The software side of the device is all protected by the fastest and most foolproof fingerprint sensor that I’ve used yet. It took all of five first finger presses and ten seconds and that was training done and dusted. Depending on market and application, of course, it also has the potential to be used for payment authentication – and yes, your fingerprints are stored in a secure enclave in the chipset (I asked the product guys at the launch).

Huawei Honor 7 camera and fingerprint sensor

Useful though it is for unlocking the Honor 7, the fingerprint sensor also acts as a virtual trackpad, in that a swipe up gives you recent apps and a swipe down gives you the notifications and shortcuts pane. It’s slick and addictive, using your first finger, which naturally rests in the sensor hollow. In fact, it’s so useful that I wonder whether we might soon see swipe left and right as additional gestures, useful in panoramic applications where you’re forever side swiping.

Getting going with the Honor 7 fingerprint sensor

Getting going with the Honor 7 fingerprint sensor

In terms of components, there’s a mono speaker on the bottom (one of the neat machined grilles is a dummy, as is the convention these days, somewhat sadly) and it’s better than usual for a Huawei device, with recognisable treble and bass. Not class leading then, but better than average.

Huawei Honor 7 bottom view

While not in LG G4 class, the cameras are really very good, the rear camera is 20MP, f/2.0 and a 1/2.4” sensor, outputting at 10MP in 16:9 by default, which seems sensible (though 15MP in 16:9 and 20MP in 4:3 are also available if needed). And focussing is fast with phase detection auto-focus, the current flagship flavour of the month, but nice to have at this price point. There’s no OIS, but you do get digital stabilisation. Time lapse and up to 30 second exposures (what Huawei are calling the ‘silky water’ feature!) are really cool to have onboard. Oh, and the camera has a sapphire glass exterior, to keep it scratch-free.

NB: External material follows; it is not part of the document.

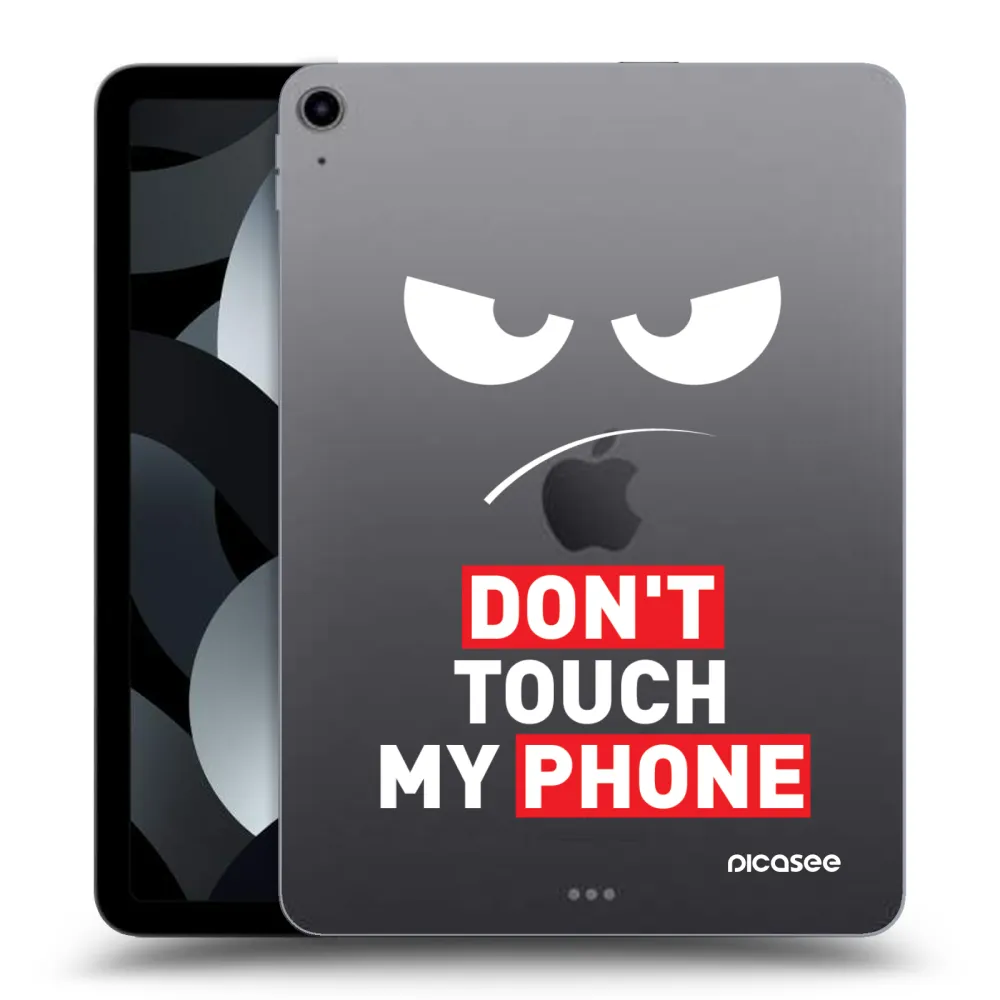 Picasee silikonowe przeźroczyste etui na Apple iPad Pro 11" 2019 (1.gen.) - Angry Eyes - Transparent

Here are some sample photos (obviously restricted a little in scope and lighting because I only had the device for a day and in daylight!), with overview and, in each case, 1:1 crops below:

Sample photo from the Honor 7

1:1 crop from Honor 7 photo

Sample photo from the Honor 7

1:1 crop from Honor 7 photo

Sample photo from the Honor 7

Using the dedicated ‘Food mode’ – no, really! It adds extra warmth and saturation, etc.

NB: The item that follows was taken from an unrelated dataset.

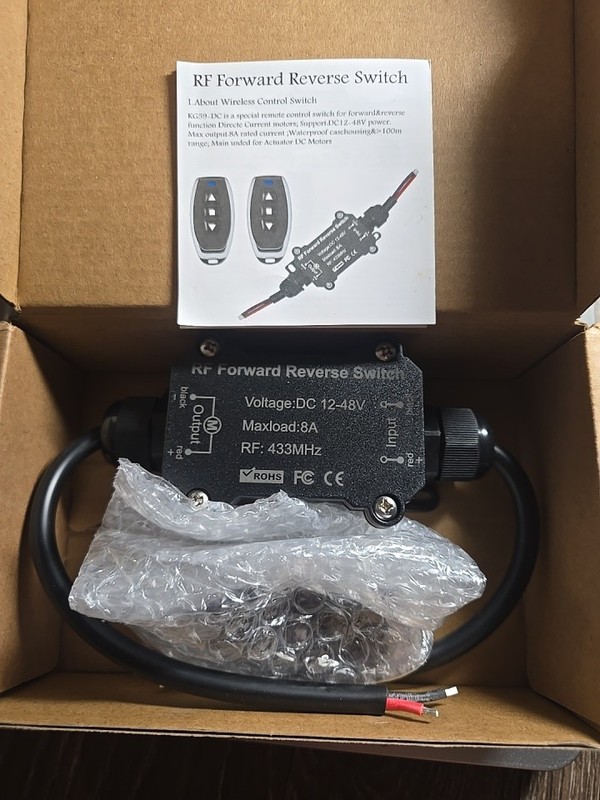 AC110V Forward and Reverse Remote Control Switch,Waterproof Wireless Switch w…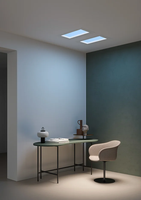 Lampe LED encastrée à lumière artificielle intérieure, CRI élevé, effet ciel bleu, faux puits de lumière, panneau de plafond virtuel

1:1 crop from Honor 7 photo

Sample FFC photo from the Honor 7

Sample FFC photo, with ‘Beauty mode’ turned on – took 10 years off me instantly!

1:1 crop from Honor 7 photo

I don’t like shooting with filters in place, but there are loads here, and a learning feature that apparently starts offering the filters you use most, though we’ll only start to see this at work after real world users have got going. Around the front, there’s a 8MP front facing unit – with what looks like a flash but is just a ‘soft’ light, to add a ‘glow’ to one’s natural beauty(!)

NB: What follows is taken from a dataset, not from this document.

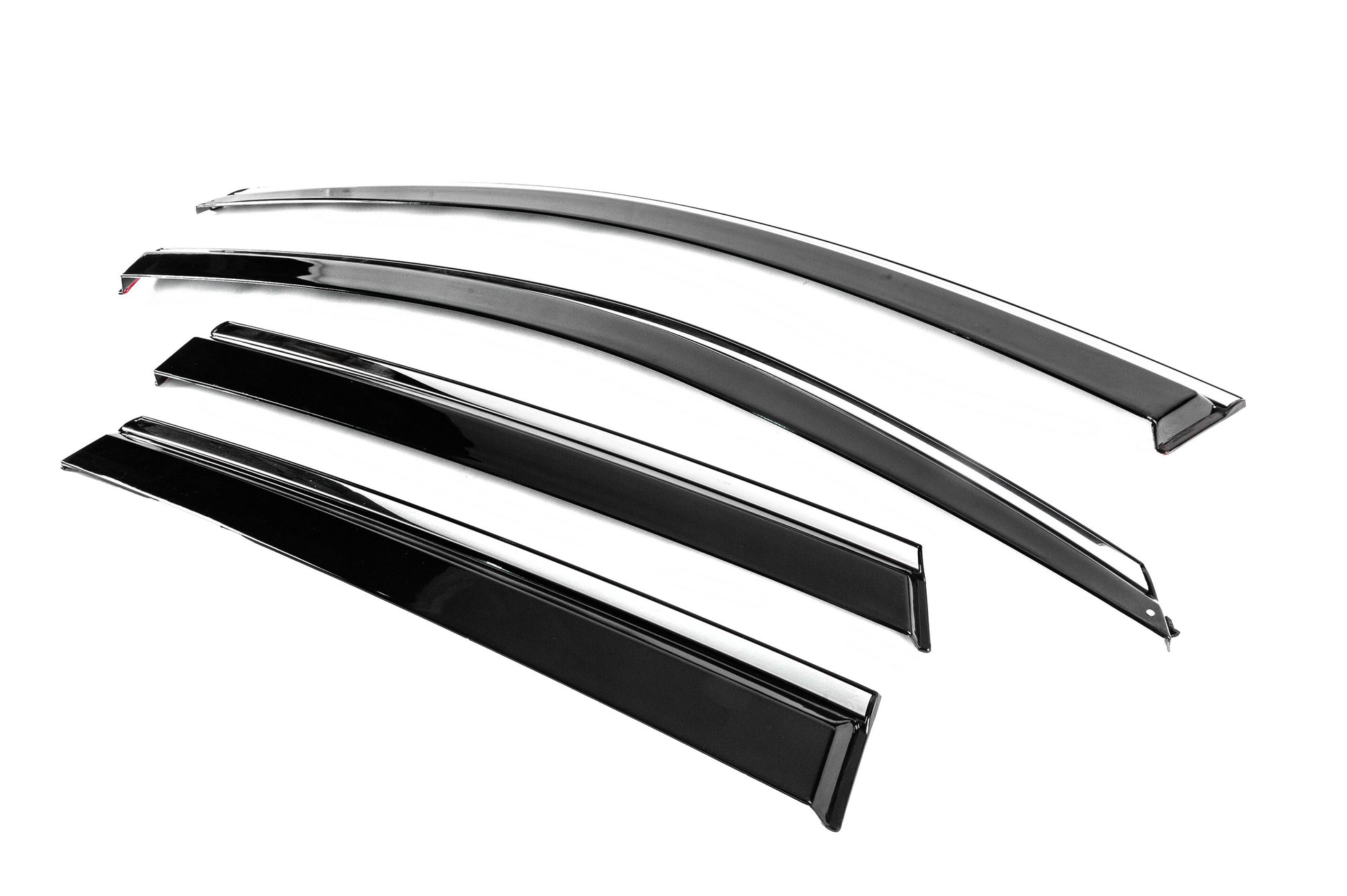 Window Deflectors with Chrome Trim Niken Luxury (4 pcs) for Seat Ateca 2016- - image 2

Finishing off the Honor 7 are an infrared beamer on the top, plus a twin antenna design with seamless switching in a microsecond, so no ‘dead-hold’ problems (think iPhone 4) and no potential dropped calls or stifled cellular data.

Huawei Honor 7 top view

Given that I only had a day to try out the Honor 7, making this more of a ‘preview’ than a ‘review’, I can’t evaluate battery life. However, there’s a meaty 3100 mAh cell inside, and Honor says it supports ‘Fast charging’. Which may or may not be the same as Qualcomm’s standard, we’ll need retail hardware and chargers to check that. I was also impressed by how cool the Honor 7 stayed, given the octacore chipset and the issues the high end Snapdragons have been having. All that metal helps and, apparently, there’s special heat dissipation engineering inside.

As for the downsides? You know, there really aren’t any. And this on a £250 phone. Maybe a lack of waterproofing? Maybe the use of Emotion UI and customised core applications? But all this is being very picky – the Honor 7 is stunningly good at the price. How long can the likes of HTC and Samsung keep their flagships up above £500 when the likes of Honor can sneak in with a full metal, premium device at under half the price?